Monday, February 12, 2007

Finding Fire

You can

die for it-
an idea,
or the world. People
have done so,
their small bodies be bound
to the stake,
an unforgettable
fury of light. But
this morning,
climbing the familiar hills
in the familiar
fabric of dawn, I thought
of China,
and India
and Europe, and I thought
how the sun
for everyone just
so joyfully
as it rises
under the lashes
of my own eyes, and I thought
I am so many!
What is my name?
What is the name
of the deep breath I would take
over and over
for all of us? Call it
whatever you want, it is
happiness, it is another one
of the ways to enter
-Mary Oliver


Vivian said...

This is simply beautiful.

blatta said...

While this imago is not the most gustatory at first glance, for me it is an image to be savored nontheless.

Not martial enough to be Dynastes, nor glam enough to be a Rutelid, it hints at the good-natured bumble of Curculionid and yet tantalizes with the amputating severity of Lucanus (but, interestingly, not Scarabaeus sacer na Khepri/Ra). My thought is maybe Cetoniid (and, if so, then a girl no less). Which is good - they are perhaps the favorite amongst my small skittering friends.

This poem is extraordinairy.
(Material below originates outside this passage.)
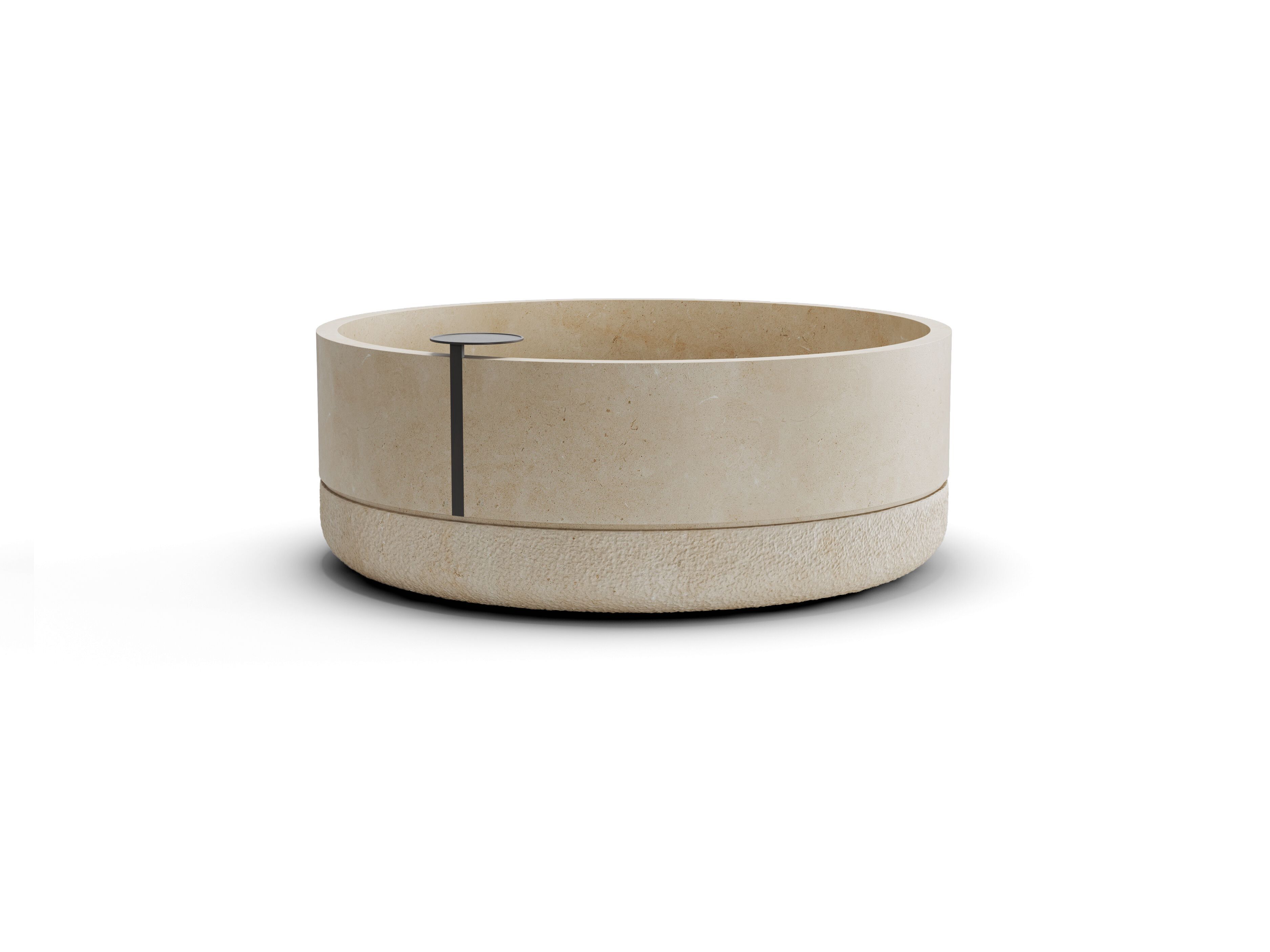 Круглая ванна из камня Лечче PIMAR V35A - GROOVE ARCH-00004378 - Вид №1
My guess is that any Valentine of yours would always, in some small way, remain so.

Thanks for the Sunlight.

D-man said...

That was really heavy........but might have been more so if I was enjoying some persimmon ginger jam on toast with it!

No really, I don't mean to demean it by poking fun. Thanks for the gorgeous poem. The presentation of it created an extra sense of anticipation that just floored was like leaning in for a kiss and not quite getting there yet. Wow.

And cool, cool critter. Is that the one of the myriad of Diospyros beetle species?

Vanessa said...

I've always loved Mary Oliver. Thanks for providing me with light.

Callipygia said...

Vivian- Yes, Mary Oliver's poetry is so clear and direct.

Blatta- I knew you were going to ask...I did these when I had the book Inordinate Fondness of Beetles. I believe this was Ranzania splendens. I tweaked the colors the original was white, green and tangerine. Happy Valentines dear friend.

D-man- I'm going to have to look back at the link you sent, bec is it me or a cruel cruel joke from eating too many persimmons that it was the genus name for persimmon beetles? The little guy is a Ranzania splendens.

Vanessa- You are so welcome. I love her poetry too, her words falls in me in everwidening ripples.

sher said...

Thank you so much for that poem. I will read it again and again. It's wonderful how words can provide a kind of sustenance to our souls.

Gattina said...

As I'm not native English speaker, I don't get the full impact from her poem, but still enjoy reading it. And hey Mr Beetle, love your cool outfit!

Lis said...

What a beautiful poem.. thank you for sharing it with us. =)


Callipygia said...

sher- that is a beautiful way of putting it, thanks.

gattina- Yup you're right,they are lucky vain things aren't they?

lis- happy valentines friend,are you staying warm?

miragee said...

I love the poem and the illo. Your style seems to have changed. Did you sense that?

Callipygia said...

miragee- For one the illo is a paper collage that I did some time back. Every drawing that I do, I just simply respond to the subject at hand. I actually feel that everyone is almost different, no real voice yet.